▶ WHAT THE TASK ASKS
In the entries below, find the line containing "1101 Lake Dr, Trout Valley, IL 60013-1612". Write out that line and all lines after it, exactly, and nothing else.
==== WORKING DATA
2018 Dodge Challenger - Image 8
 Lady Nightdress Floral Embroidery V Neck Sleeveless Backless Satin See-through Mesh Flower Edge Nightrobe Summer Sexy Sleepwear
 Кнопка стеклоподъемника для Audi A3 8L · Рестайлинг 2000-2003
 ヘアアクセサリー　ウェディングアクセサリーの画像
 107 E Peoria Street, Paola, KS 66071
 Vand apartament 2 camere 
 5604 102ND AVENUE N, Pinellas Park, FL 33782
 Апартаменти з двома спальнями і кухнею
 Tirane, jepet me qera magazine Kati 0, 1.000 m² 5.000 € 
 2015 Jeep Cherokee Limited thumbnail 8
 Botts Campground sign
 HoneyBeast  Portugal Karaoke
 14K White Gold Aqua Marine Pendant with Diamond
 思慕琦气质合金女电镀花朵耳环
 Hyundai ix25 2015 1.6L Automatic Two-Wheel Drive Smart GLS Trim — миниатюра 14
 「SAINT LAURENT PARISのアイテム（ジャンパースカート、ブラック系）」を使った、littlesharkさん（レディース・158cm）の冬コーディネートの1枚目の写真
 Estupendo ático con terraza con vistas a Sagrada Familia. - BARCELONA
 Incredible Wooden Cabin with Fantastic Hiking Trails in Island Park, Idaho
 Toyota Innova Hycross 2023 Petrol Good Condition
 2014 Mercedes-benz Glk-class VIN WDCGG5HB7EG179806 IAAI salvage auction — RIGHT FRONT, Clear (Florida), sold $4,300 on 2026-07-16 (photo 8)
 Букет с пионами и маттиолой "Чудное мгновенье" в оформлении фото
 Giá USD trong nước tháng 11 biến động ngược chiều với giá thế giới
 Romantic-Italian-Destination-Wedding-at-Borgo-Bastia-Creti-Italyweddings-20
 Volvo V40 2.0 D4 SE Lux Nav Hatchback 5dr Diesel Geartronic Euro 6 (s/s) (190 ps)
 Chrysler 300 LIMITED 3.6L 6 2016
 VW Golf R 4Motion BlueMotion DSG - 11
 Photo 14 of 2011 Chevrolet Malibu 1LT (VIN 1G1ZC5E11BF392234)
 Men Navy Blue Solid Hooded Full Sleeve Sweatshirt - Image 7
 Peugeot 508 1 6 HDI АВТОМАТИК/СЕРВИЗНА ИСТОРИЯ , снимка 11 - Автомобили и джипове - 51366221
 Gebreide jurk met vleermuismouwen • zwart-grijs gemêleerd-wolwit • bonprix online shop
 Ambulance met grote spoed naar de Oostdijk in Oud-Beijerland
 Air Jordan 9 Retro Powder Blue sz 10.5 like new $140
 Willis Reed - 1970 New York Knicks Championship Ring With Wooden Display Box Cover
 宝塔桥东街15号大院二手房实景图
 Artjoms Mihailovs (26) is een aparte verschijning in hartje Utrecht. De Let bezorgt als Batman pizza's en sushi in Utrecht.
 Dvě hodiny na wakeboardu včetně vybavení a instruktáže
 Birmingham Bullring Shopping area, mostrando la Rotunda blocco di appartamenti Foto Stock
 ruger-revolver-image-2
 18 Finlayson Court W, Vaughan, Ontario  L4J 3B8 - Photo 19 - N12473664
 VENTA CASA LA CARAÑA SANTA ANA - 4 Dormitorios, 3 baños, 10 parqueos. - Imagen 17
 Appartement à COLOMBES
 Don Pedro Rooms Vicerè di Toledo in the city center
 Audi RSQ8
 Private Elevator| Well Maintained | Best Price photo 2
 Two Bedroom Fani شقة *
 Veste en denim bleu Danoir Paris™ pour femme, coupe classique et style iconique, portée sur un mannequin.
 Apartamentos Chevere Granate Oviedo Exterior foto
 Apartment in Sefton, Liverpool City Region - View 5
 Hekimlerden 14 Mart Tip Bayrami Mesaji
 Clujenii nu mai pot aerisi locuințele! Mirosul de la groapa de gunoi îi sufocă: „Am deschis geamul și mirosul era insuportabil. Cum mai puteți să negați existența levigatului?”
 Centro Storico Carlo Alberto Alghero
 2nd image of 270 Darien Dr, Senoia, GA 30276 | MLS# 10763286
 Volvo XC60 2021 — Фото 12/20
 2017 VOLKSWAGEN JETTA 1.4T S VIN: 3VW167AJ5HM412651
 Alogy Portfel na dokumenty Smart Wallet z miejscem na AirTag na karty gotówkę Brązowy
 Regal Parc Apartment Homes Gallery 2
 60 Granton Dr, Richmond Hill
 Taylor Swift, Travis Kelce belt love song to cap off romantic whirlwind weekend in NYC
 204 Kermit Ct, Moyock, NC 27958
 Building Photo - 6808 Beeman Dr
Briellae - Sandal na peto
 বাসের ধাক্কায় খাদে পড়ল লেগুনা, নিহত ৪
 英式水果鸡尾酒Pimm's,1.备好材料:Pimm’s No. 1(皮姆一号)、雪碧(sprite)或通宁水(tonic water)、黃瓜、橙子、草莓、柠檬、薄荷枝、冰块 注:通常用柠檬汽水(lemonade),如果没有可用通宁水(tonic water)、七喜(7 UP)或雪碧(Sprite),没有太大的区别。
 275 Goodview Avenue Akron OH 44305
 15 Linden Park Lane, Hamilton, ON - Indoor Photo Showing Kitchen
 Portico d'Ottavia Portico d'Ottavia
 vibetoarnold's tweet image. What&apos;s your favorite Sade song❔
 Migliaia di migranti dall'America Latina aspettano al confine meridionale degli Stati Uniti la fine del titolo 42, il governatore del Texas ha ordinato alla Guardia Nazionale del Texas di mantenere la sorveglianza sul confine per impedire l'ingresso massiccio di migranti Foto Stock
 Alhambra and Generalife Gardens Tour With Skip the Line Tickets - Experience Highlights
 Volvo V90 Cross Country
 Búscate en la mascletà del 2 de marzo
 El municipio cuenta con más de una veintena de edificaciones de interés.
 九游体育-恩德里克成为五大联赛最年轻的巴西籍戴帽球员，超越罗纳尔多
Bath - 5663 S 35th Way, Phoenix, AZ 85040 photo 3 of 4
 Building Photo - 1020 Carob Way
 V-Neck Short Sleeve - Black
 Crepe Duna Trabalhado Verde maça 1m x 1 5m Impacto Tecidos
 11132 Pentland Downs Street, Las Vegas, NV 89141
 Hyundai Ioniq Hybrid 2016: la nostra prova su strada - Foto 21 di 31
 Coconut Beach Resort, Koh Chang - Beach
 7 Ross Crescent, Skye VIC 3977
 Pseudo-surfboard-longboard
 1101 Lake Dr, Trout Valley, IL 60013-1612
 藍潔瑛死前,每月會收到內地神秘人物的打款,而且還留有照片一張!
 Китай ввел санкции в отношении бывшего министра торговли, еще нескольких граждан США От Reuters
========
▶ ANSWER FOR THIS EXERCISE
 1101 Lake Dr, Trout Valley, IL 60013-1612
 藍潔瑛死前,每月會收到內地神秘人物的打款,而且還留有照片一張!
 Китай ввел санкции в отношении бывшего министра торговли, еще нескольких граждан США От Reuters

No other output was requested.